Beyond Bree – dealt with only in The Hobbit, but fitting the pattern – one has Laketown. Speaking impressionistically, I would say that we are at a mediaeval level, and no longer in Britain. The analogy that springs to mind is the various free cities of mediaeval Europe. Especially Switzerland, and in particular Geneva, though Geneva was not solidly established as Swiss until after the Napoleonic Wars.
One point in common between the Shire, Bree and Laketown is a form of republican government. In this matter Tolkien is historically accurate in a way that most writers of heroic fantasy are not. The reality of mediaeval Europeans was the coexistence of many different forms of government. Mostly this diversity would look to a king who is bound by law and custom.
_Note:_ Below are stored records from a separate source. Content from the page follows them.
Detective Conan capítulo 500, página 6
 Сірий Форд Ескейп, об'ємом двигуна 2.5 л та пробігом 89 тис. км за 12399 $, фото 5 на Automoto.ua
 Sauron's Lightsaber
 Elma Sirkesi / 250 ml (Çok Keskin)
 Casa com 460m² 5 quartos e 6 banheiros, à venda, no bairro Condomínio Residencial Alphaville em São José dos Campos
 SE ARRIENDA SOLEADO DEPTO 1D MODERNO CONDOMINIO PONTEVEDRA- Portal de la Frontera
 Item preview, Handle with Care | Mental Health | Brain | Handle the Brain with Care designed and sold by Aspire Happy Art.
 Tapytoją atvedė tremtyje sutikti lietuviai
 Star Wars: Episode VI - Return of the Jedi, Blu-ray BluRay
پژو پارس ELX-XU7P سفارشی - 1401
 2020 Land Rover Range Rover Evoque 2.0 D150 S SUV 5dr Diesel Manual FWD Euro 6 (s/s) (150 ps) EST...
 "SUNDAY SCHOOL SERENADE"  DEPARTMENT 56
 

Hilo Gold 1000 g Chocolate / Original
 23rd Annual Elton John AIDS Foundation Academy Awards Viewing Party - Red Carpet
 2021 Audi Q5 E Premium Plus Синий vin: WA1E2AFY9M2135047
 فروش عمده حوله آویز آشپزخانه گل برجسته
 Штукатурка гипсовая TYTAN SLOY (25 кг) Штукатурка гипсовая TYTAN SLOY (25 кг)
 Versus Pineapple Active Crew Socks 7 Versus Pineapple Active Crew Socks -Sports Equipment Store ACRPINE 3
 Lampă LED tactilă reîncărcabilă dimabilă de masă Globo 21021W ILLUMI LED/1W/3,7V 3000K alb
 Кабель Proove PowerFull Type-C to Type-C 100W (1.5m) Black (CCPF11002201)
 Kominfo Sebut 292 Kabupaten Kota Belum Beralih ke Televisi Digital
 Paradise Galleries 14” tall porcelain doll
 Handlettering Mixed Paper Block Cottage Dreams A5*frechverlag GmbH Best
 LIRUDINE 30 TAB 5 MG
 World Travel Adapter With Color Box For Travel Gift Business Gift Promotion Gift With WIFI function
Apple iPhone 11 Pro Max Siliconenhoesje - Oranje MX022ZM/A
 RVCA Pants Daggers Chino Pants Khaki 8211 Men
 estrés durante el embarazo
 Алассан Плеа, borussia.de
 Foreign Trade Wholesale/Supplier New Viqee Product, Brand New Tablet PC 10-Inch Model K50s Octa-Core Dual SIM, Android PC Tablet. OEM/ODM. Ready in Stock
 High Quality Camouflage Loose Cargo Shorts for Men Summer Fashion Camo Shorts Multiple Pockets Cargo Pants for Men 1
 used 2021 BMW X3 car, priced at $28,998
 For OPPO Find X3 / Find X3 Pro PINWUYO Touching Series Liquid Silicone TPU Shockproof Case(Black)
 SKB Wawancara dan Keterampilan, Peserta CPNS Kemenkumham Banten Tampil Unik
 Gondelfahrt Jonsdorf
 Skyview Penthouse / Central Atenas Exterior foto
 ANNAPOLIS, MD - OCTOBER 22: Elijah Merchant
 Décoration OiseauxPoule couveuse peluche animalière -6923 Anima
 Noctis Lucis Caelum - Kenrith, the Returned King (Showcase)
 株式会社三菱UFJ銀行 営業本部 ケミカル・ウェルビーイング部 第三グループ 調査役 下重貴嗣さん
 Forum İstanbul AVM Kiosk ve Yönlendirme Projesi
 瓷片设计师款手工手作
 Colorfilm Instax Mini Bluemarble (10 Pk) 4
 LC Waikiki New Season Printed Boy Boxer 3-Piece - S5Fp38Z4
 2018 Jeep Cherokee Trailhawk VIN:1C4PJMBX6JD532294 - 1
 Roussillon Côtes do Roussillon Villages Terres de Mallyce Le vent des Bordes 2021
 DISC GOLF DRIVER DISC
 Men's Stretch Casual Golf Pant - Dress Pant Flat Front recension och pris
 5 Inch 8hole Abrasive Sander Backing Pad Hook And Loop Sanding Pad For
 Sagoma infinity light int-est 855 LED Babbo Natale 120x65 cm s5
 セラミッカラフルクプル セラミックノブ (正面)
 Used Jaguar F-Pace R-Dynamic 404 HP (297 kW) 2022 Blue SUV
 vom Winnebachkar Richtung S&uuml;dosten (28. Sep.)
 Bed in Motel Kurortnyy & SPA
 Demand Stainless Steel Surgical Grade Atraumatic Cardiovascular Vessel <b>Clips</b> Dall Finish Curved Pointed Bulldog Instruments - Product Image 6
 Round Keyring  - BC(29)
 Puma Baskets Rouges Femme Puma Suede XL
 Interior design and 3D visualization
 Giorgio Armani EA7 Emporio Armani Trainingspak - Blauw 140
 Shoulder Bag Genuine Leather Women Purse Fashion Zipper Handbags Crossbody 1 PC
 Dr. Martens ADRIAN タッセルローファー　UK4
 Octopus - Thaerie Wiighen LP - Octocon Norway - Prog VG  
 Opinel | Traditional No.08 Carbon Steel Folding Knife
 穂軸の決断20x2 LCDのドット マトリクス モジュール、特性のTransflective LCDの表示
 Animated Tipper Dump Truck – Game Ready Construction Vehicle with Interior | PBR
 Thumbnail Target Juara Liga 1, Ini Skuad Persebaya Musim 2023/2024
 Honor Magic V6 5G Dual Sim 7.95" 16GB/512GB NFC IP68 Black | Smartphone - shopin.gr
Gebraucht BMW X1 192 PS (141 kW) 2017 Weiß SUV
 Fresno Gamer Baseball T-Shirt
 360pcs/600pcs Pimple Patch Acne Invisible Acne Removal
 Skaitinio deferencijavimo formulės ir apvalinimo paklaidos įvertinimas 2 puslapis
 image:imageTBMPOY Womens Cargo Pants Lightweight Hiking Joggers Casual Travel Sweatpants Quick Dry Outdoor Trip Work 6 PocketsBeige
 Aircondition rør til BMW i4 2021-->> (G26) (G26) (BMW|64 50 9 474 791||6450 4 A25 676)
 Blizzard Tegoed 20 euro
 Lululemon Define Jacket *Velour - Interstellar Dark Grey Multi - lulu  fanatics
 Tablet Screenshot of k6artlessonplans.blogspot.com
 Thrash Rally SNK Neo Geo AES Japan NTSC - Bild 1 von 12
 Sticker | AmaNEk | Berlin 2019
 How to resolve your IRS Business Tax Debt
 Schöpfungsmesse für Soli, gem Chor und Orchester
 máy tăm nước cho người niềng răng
In Middle-Earth, only Denethor seems in part to be putting himself above law and custom. Certainly, he rejects Boromir’s notion that the Stewards of the House of Anarion might claim to be kings. The office of Steward is part of the tradition he is determined to uphold. But this about as far as he will limit himself. He rejects Aragorn’s claim to the throne on Gondor, because of the ancient separation of the legacies of Isildur and his brother Anarion. But he also blames Faramir for not seizing the One Ring, which is clearly part of Isildur’s legacy. In brief, he is self-righteous, willing to invoke the law when it suits him and to bend it where it does not. He is well on the way to becoming something equivalent to Renaissance despot, rather than a ruler bound by laws and customs. A stage of British history that began under the Tudors, but was only definitely established under the Stuarts.
What other analogies can one find?
- The barrow-downs are an obvious parallel, but dead history, not the living sort one finds elsewhere.
- The Rohirrim as Anglo-Saxons are obvious and frequently noticed
- Dunlendings are a highly negative aspect of Welsh – English conflict. My least favourite bit, I think.
- Woses are primitive wild peoples, common in myth and legend.
- Elves as fine fair and magical people did not begin with Tolkien. It is clearly expressed in Dunsany’s The King of Elfland’s Daughter, for instance.
- Welsh and Irish tradition of sunken lands in the West.
Tolkien does enrich this tradition with some real history. The early kings and queens are makers as well as rulers. Also descent of kingship is to the eldest suitable male in the family, not to the son or daughter of the last ruler.